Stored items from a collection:
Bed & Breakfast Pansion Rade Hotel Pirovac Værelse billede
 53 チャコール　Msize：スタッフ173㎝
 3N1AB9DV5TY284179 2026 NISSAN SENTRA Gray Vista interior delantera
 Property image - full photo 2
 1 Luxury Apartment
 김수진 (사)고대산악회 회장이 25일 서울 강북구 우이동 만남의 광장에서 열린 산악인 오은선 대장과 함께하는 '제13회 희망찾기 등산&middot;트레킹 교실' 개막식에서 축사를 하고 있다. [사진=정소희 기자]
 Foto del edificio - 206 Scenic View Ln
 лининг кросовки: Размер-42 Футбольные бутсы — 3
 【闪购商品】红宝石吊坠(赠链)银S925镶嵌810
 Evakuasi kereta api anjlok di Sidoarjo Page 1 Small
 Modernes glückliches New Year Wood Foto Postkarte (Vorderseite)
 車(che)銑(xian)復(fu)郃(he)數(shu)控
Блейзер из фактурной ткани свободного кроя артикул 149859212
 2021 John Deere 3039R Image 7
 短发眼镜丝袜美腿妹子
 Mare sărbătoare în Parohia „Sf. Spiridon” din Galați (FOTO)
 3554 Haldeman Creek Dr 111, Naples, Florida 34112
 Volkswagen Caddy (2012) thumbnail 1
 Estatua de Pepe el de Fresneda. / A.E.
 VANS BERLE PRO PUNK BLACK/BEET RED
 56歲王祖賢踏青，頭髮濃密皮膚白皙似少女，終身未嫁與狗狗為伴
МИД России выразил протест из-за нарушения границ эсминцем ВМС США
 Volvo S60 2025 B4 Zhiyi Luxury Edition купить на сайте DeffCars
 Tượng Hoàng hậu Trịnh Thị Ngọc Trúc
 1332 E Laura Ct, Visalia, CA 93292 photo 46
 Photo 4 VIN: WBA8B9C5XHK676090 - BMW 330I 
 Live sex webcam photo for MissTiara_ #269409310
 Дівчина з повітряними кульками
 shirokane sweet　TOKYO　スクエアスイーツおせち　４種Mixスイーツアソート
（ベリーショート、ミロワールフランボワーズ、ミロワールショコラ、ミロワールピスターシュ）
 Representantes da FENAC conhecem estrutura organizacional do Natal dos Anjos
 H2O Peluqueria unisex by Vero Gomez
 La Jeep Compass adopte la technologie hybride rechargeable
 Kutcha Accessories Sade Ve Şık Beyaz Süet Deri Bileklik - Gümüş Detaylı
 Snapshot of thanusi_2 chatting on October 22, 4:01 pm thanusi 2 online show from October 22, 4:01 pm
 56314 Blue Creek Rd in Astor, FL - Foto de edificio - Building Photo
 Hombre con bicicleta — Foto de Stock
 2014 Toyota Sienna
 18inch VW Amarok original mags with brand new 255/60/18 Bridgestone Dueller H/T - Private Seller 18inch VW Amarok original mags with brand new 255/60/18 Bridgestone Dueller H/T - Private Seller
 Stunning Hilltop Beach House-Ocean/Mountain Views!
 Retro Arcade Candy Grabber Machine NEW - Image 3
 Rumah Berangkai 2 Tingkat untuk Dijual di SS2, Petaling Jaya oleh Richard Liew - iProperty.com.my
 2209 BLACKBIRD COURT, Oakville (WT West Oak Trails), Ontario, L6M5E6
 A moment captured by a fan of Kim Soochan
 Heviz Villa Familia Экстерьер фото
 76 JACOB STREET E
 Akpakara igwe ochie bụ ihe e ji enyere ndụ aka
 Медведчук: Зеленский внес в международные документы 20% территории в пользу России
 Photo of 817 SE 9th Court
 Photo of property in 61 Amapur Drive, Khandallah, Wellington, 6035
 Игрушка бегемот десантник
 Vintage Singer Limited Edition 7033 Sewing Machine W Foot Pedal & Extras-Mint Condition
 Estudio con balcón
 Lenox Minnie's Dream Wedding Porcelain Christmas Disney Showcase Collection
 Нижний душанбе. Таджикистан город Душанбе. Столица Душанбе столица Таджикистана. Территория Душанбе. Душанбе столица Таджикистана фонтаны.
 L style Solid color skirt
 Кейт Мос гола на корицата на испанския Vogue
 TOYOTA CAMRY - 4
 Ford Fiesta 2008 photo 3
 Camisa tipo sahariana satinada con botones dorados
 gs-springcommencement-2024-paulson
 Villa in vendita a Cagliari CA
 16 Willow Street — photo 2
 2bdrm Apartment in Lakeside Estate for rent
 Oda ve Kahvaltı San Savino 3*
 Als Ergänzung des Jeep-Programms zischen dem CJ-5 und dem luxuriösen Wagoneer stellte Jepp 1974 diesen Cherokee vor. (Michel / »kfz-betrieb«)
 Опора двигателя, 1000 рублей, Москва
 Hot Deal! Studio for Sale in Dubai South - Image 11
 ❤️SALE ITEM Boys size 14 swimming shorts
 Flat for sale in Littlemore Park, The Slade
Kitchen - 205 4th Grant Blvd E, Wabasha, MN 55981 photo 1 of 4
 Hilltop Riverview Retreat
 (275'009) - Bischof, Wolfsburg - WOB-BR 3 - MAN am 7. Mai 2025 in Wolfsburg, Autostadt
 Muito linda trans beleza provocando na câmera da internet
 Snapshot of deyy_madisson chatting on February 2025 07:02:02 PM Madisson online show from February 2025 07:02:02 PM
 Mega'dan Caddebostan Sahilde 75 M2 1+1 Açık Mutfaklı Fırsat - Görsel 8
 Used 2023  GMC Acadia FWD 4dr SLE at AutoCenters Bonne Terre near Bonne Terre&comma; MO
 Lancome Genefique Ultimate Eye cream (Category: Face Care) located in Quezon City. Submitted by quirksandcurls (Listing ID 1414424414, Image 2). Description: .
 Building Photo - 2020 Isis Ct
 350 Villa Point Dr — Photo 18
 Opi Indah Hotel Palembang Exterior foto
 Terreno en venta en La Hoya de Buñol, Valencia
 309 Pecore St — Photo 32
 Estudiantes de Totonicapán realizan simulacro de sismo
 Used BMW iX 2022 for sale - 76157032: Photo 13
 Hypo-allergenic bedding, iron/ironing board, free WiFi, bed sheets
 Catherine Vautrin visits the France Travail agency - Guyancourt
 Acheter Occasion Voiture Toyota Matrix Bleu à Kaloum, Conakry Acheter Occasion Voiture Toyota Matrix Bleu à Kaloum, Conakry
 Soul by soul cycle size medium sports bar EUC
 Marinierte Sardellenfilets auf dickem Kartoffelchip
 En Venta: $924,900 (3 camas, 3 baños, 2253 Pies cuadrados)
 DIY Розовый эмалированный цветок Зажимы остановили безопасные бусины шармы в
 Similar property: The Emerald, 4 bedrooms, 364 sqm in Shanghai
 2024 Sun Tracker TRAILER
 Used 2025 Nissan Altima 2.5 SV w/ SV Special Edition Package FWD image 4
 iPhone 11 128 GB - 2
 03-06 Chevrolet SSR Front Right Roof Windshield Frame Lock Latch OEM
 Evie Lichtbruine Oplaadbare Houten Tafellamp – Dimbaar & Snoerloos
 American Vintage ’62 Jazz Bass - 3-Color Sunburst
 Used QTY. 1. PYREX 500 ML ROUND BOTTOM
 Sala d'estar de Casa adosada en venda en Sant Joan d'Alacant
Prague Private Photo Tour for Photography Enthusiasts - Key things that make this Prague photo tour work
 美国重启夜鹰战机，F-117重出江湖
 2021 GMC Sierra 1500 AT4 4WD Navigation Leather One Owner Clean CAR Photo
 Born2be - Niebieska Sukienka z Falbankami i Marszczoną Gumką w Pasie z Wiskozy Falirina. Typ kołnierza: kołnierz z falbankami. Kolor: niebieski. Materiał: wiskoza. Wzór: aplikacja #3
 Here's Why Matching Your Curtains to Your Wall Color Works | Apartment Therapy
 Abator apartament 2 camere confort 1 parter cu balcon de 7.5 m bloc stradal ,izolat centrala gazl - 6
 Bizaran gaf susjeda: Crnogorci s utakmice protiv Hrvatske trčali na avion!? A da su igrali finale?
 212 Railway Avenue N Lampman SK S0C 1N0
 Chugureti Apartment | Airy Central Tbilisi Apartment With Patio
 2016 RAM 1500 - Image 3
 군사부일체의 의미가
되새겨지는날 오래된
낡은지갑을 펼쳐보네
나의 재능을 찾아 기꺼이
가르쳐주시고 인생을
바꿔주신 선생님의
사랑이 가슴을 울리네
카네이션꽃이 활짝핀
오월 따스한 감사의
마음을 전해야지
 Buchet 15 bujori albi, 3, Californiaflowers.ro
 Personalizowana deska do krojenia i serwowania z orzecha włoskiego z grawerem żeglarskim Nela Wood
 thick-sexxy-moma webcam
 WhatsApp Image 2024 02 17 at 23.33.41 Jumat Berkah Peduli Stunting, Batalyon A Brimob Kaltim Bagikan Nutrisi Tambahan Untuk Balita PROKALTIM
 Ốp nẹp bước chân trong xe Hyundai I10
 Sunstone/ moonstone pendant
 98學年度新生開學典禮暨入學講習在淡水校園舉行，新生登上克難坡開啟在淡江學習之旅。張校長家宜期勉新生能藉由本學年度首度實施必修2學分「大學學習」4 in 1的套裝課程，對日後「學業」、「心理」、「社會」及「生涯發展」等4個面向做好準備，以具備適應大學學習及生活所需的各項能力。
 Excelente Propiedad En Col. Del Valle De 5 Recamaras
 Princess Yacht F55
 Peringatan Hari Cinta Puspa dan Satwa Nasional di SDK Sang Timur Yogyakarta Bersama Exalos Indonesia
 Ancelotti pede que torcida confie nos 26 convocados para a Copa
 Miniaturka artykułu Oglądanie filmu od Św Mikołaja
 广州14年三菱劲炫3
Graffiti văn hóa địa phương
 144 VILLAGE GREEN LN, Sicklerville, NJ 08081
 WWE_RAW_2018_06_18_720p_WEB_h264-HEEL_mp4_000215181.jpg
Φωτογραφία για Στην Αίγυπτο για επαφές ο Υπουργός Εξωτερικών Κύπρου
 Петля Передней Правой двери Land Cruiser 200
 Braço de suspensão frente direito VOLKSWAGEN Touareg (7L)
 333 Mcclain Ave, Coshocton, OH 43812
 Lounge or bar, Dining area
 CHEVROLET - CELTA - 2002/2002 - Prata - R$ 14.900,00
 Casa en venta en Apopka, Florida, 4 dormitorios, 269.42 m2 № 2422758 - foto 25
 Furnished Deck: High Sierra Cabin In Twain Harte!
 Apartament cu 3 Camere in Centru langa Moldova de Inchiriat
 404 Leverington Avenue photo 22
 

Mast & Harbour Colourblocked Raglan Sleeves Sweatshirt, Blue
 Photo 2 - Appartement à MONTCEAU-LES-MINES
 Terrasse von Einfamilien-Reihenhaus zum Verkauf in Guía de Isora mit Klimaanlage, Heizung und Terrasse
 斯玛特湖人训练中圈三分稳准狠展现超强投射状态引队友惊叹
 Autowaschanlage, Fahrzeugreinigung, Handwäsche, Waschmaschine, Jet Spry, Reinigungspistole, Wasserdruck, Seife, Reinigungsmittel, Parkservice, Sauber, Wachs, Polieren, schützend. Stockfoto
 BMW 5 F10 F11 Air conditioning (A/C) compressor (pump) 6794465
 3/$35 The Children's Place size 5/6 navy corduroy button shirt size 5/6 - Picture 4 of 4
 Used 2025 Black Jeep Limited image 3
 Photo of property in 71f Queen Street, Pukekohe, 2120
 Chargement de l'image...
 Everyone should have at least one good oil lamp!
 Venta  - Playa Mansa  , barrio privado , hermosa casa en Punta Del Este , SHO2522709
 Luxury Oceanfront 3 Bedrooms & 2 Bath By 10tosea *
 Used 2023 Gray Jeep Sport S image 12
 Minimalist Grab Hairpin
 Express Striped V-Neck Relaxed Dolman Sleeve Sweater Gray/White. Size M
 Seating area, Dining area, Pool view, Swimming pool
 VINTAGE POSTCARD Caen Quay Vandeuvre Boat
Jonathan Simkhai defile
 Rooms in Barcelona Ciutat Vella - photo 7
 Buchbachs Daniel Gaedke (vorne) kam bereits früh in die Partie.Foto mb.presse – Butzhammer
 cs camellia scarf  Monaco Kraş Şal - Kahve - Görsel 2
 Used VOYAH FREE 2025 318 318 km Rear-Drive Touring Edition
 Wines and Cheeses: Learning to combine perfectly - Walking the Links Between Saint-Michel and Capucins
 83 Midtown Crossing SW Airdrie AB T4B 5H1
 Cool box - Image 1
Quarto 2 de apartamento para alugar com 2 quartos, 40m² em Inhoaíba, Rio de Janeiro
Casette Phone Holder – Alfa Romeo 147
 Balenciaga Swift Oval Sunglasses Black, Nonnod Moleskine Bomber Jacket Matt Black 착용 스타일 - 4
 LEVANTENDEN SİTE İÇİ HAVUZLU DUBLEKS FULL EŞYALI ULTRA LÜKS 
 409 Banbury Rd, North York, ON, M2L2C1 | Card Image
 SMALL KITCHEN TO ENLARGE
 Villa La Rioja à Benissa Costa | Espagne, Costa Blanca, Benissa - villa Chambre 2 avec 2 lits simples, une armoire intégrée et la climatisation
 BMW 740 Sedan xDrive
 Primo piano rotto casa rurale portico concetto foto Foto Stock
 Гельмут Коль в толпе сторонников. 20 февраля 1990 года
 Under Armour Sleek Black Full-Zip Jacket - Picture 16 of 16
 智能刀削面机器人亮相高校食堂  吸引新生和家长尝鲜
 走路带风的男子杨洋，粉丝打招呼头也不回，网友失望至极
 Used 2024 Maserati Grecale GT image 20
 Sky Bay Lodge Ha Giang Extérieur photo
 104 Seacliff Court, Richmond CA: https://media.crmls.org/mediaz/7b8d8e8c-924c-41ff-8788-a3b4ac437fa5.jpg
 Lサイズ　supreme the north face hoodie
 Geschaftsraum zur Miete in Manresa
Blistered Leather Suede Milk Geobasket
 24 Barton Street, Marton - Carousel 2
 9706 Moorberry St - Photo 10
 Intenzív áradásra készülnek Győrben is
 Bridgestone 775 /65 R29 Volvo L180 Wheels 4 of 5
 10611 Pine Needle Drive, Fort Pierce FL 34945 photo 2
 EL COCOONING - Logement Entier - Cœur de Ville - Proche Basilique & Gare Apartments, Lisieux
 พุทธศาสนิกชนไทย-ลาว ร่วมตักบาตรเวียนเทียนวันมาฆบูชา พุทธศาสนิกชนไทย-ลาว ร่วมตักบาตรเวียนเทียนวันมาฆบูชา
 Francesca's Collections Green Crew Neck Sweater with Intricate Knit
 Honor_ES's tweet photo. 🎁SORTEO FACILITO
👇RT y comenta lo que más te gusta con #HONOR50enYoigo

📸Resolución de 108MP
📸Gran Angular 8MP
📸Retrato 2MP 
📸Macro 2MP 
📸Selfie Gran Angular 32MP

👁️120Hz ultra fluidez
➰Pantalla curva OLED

Task goal:
Which lines run from the one containing "Under Armour Sleek" to the final line of the entries? Return those lines exactly, and only those.

Task solution:
 Under Armour Sleek Black Full-Zip Jacket - Picture 16 of 16
 智能刀削面机器人亮相高校食堂  吸引新生和家长尝鲜
 走路带风的男子杨洋，粉丝打招呼头也不回，网友失望至极
 Used 2024 Maserati Grecale GT image 20
 Sky Bay Lodge Ha Giang Extérieur photo
 104 Seacliff Court, Richmond CA: https://media.crmls.org/mediaz/7b8d8e8c-924c-41ff-8788-a3b4ac437fa5.jpg
 Lサイズ　supreme the north face hoodie
 Geschaftsraum zur Miete in Manresa
Blistered Leather Suede Milk Geobasket
 24 Barton Street, Marton - Carousel 2
 9706 Moorberry St - Photo 10
 Intenzív áradásra készülnek Győrben is
 Bridgestone 775 /65 R29 Volvo L180 Wheels 4 of 5
 10611 Pine Needle Drive, Fort Pierce FL 34945 photo 2
 EL COCOONING - Logement Entier - Cœur de Ville - Proche Basilique & Gare Apartments, Lisieux
 พุทธศาสนิกชนไทย-ลาว ร่วมตักบาตรเวียนเทียนวันมาฆบูชา พุทธศาสนิกชนไทย-ลาว ร่วมตักบาตรเวียนเทียนวันมาฆบูชา
 Francesca's Collections Green Crew Neck Sweater with Intricate Knit
 Honor_ES's tweet photo. 🎁SORTEO FACILITO
👇RT y comenta lo que más te gusta con #HONOR50enYoigo

📸Resolución de 108MP
📸Gran Angular 8MP
📸Retrato 2MP 
📸Macro 2MP 
📸Selfie Gran Angular 32MP

👁️120Hz ultra fluidez
➰Pantalla curva OLED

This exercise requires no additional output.